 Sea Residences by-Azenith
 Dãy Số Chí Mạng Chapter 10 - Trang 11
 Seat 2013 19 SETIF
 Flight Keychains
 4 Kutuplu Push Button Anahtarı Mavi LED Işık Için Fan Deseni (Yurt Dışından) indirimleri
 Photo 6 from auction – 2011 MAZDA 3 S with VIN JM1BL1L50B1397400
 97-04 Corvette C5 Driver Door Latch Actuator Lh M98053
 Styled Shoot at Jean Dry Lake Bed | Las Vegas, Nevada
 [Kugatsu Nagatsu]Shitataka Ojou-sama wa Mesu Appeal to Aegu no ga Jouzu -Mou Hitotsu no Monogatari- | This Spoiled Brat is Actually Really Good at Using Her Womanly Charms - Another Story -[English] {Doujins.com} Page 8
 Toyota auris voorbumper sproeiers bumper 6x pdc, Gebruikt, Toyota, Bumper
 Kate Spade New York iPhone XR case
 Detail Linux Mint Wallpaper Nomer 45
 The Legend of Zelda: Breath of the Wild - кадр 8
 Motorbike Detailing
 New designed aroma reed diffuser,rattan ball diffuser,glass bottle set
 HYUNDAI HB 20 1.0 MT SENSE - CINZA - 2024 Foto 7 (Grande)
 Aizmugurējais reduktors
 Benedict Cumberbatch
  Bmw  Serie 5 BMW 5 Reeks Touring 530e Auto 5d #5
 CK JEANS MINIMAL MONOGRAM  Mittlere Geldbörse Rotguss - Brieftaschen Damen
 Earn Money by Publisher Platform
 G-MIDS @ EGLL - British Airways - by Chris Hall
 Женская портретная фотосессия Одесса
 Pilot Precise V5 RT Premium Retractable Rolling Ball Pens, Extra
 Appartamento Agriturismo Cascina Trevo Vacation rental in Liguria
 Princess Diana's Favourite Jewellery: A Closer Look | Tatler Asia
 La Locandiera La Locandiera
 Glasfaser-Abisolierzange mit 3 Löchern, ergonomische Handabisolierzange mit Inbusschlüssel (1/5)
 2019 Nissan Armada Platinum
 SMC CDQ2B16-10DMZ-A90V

= = = = =

## Brief
Quote, without alteration, the final stretch of the entries: the line with "Pilot Precise V5" onward to the last line.

## Response
 Pilot Precise V5 RT Premium Retractable Rolling Ball Pens, Extra
 Appartamento Agriturismo Cascina Trevo Vacation rental in Liguria
 Princess Diana's Favourite Jewellery: A Closer Look | Tatler Asia
 La Locandiera La Locandiera
 Glasfaser-Abisolierzange mit 3 Löchern, ergonomische Handabisolierzange mit Inbusschlüssel (1/5)
 2019 Nissan Armada Platinum
 SMC CDQ2B16-10DMZ-A90V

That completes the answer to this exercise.